» **The records**

* * *

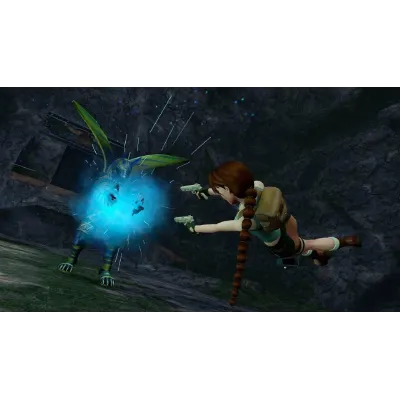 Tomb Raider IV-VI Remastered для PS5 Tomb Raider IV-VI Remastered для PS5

* * *

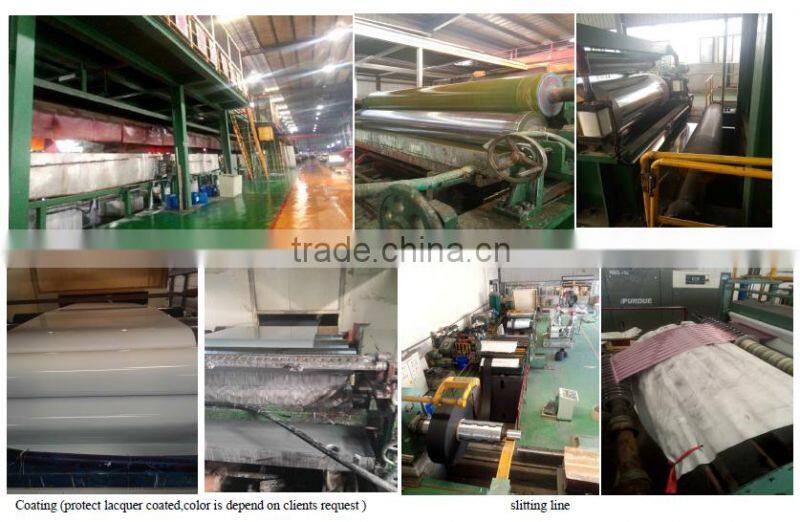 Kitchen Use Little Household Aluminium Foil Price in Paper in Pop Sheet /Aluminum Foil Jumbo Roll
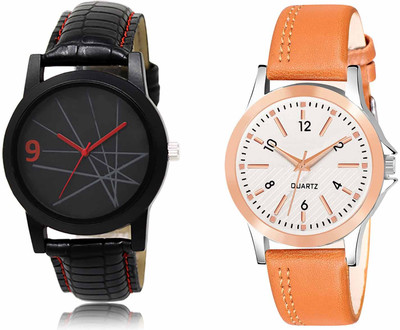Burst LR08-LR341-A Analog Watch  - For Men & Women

* * *

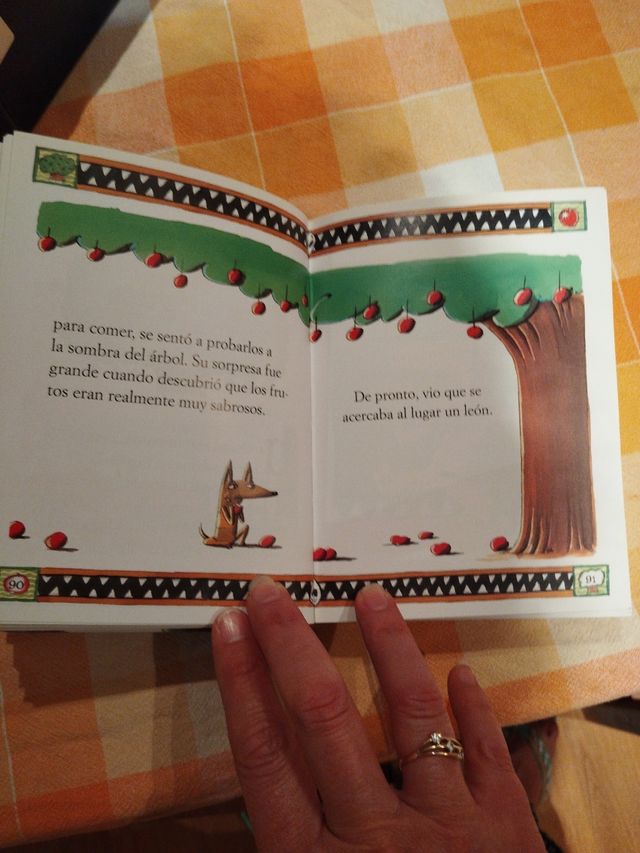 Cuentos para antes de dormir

* * *

» **Directions**
I'd like the lines above repeated exactly, from the one that contains "Kitchen Use Little" through the one that contains "Burst LR08-LR341-A Analog", with no pictures.

» **Reply to the exercise**
 Kitchen Use Little Household Aluminium Foil Price in Paper in Pop Sheet /Aluminum Foil Jumbo Roll
Burst LR08-LR341-A Analog Watch  - For Men & Women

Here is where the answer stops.